Otter makes the best shelter. Clam flat out sucks I own two clams I would never buy another. The otter probably is not cheap but if you want a nice shelter that will last a very long time it won't say clam on it.


----------



## Erieangler51 (Sep 24, 2012)

I see they make a small one man now might have to look into them,


----------



## laynhardwood (Dec 27, 2009)

I would like to buy that hideout. The otter shanties are quality.


----------



## lovin life (Jan 2, 2010)

They are saying 60" high stored ???? That has to be a misprint? ??

Sent from my SPH-L710 using Tapatalk


----------



## laynhardwood (Dec 27, 2009)

That does seem a little tall collapsed but I'm sure that shanty is a mini palace my friend mike has an otter xt pro and it's awesome. The only draw back is weight the damn thing is heavy and then you add all the equipment and you need a horse to drag it through the snow.


----------



## Fish2Win (Jan 21, 2009)

I'm buying that xt hideout!!!!! Looks sweet


----------



## MDBuckeye (Sep 29, 2009)

XT Hideout looks awesome! I may be investing in one myself. Gonna be interesting to see the price tag on it though.


----------



## leadcorebean (Jul 17, 2006)

i love my otter 2 man with the bench seat.. not sure if the insulated one is necessary in Ohio in case u are thinking about going the real high end!! cant say that ive been even close to cold in mine with just the heater on low the days u do need one. One negative I've found with the sled is when one person sits to close to the pulling side of the sled it wants to tip when the other person gets up so u kinda have to work together unless u build some snow up under that side.


----------



## Erieangler51 (Sep 24, 2012)

Fish2Win said:


> I'm buying that xt hideout!!!!! Looks sweet


U buy that brotha u sellin me the other otter?


----------



## Fish2Win (Jan 21, 2009)

Erieangler51 said:


> U buy that brotha u sellin me the other otter?

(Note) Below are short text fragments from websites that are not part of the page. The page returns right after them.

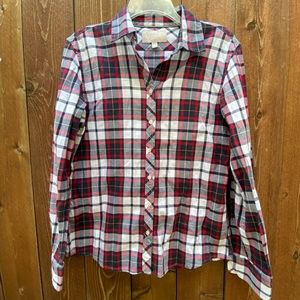 Banana Republic soft wash cotton plaid button down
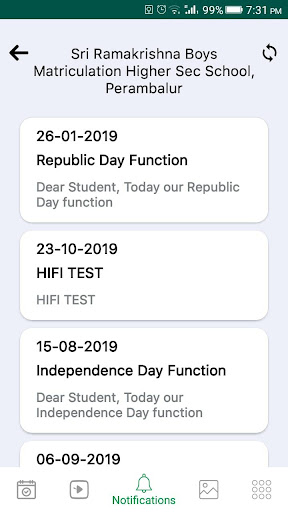 Sri Ramakrishna Boys School Parents App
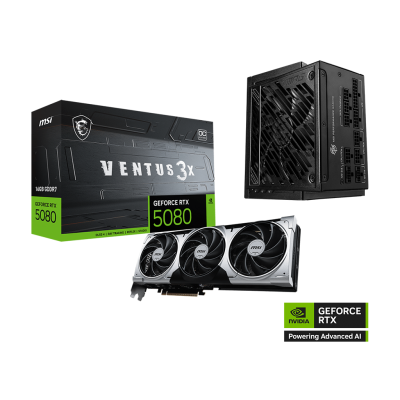 GeForce RTX 5080 16G VENTUS 3X OC PLUS | Power Pack Bundle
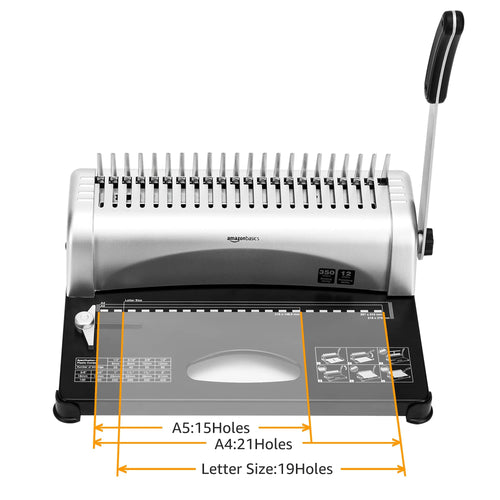 Amazon Basics Bindegerät, Grau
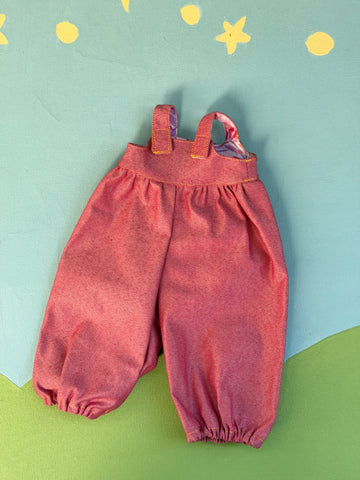 The 'Maxine'  Overalls - Red Denim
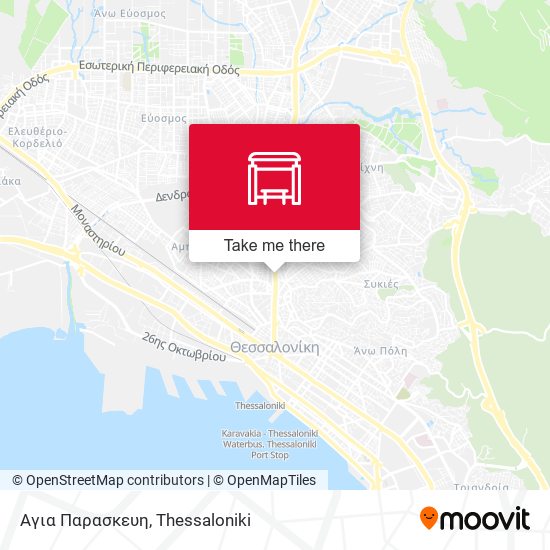 Αγια Παρασκευη map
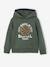 Hooded sports set for boys bordeaux red+ochre+sage green 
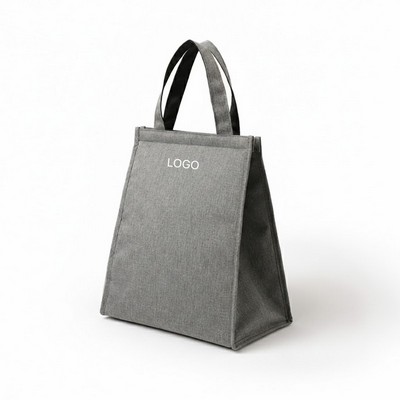 Japanese-Style Thickened Lunch Bag Large Capacity Oxford Cloth Bento Tote Long-Lasting Aluminum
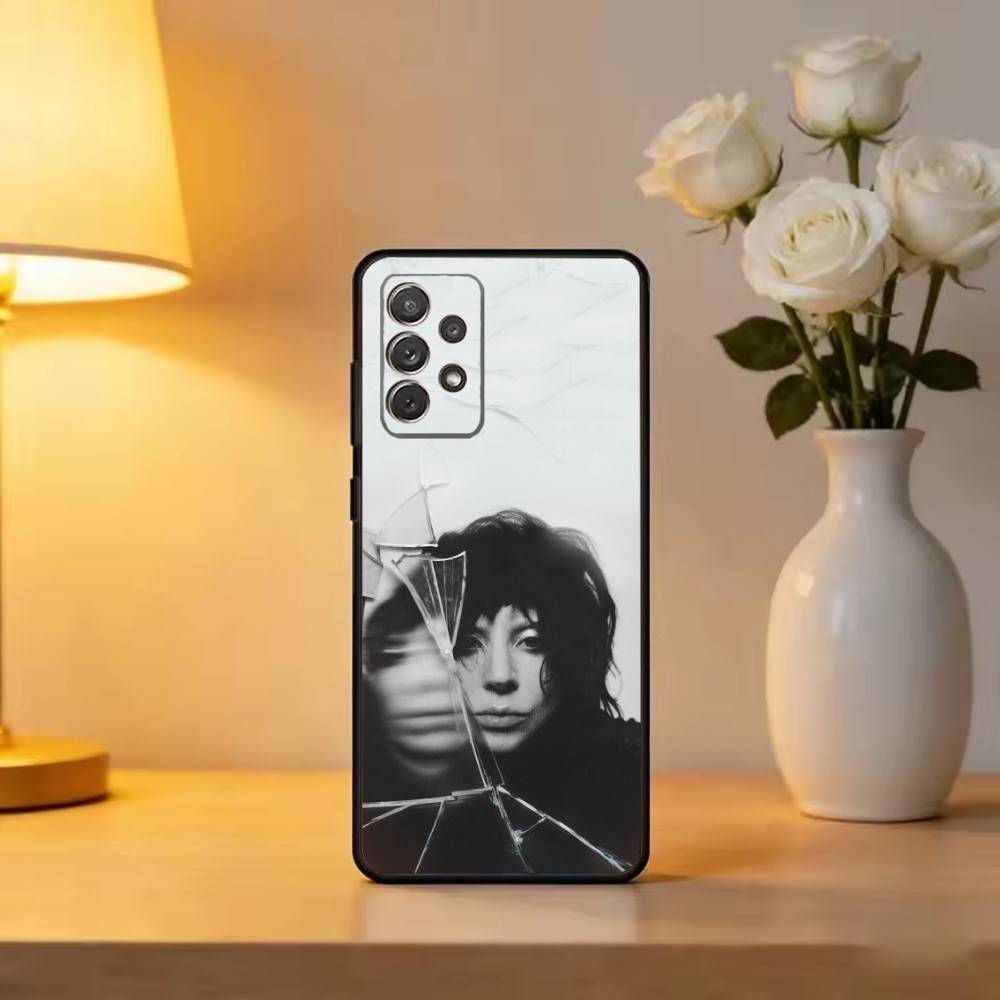 

L-Lady G-Gaga Phone Case Transparent Silicone Soft For Samsung S25,S24,S21,S22,S23,S30,Ultra,S20,Plus,Fe Samsung S22plus5G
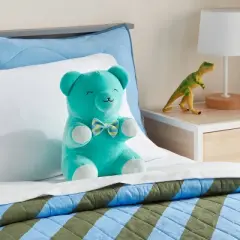 Gummy Bear Light-Up Stuffed Plush Kids' Throw Pillow Blue - Pillowfort&trade;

Nope I'll keep my 2 man otter for days of teaching you suckers how to ice fish. You can watch me close up lol


----------



## Erieangler51 (Sep 24, 2012)

Fish2Win said:


> Nope I'll keep my 2 man otter for days of teaching you suckers how to ice fish. You can watch me close up lol


In your dreams. I catch more in my bathtub than you


----------



## laynhardwood (Dec 27, 2009)

The insulated otter is the cats ass


----------



## laynhardwood (Dec 27, 2009)

It's been plenty cold enough to use that insulation. The added bonus of no condensation dripping down your neck is alway good.


----------